About this book
When two or more systems of property ownership or rights come together, issues and even conflicts are bound to surface. In many parts of the world, particularly in developing countries, this is becoming a larger problem, while in other parts of the world the conflicting viewpoints have long co-existed, but reparation of past conflicts has more recently become a pressing matter.
Sponsored by the American Real Estate Society (ARES), Indigenous Peoples and Real Estate Valuation addresses a wide variety of timely issues relating to property ownership, rights, and use, including: ancestral burial, historical record of occupancy, treaty implementation problems, eminent domain, the effects of large governmental change, financing projects under formal and informal title or deed document systems, exclusive ownership vs. non-exclusive use rights, public land ownership, tribal or family land claims, insurgency and war, legal systems of ownership, prior government expropriation of lands, moral obligation to indigenous peoples, colonial occupation, and common land leases. These issues can also be broadly grouped into topics, such as conflict between indigenous and western property rights, communal land ownership, land transfer by force, legacy issues related to past colonization and apartheid, and metaphysical/indigenous land value.
Covering contemporary practices around the world, this volume features research from an international array of authors, exploring the economic, demographic, political, legal, and cultural dimensions of property ownership—and the conflicts that emerge when systems clash. Including in-depth case studies and policy recommendations, this volume will be a valuable resource for government leaders and economic policymakers, urban planners and property developers, advocates of indigenous people’s rights, lenders, and other industry professionals.

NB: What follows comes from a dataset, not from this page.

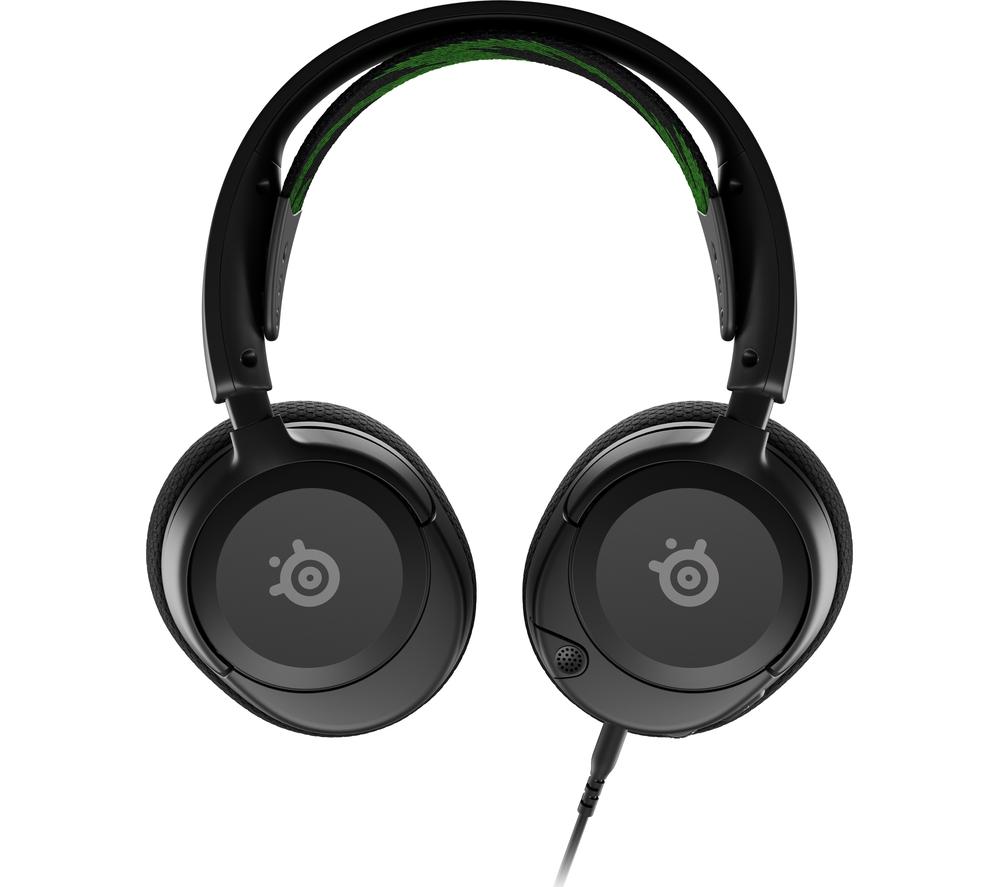 STEELSERIES Arctis Nova 1X 7.1 Gaming Headset - Black & Green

"Indigenous Peoples and Real Estate Valuation is a great beginning for a more methodological way of understanding and being able to deal with people’s right to land. The study is important in that it clarifies that the majority of the people of the world do not adhere to the western method of land rights, thus raising the question: Who is right? Is it the indigenous people of the world or the "deeded" people of the western world? If one steps back a bit from all this and realizes that this world was created for your use and we actually leave this world with nothing, even if we owned large parcels of land, then we might realize that we need to learn from the different indigenous peoples of the world how to use this land and leave it for future generations."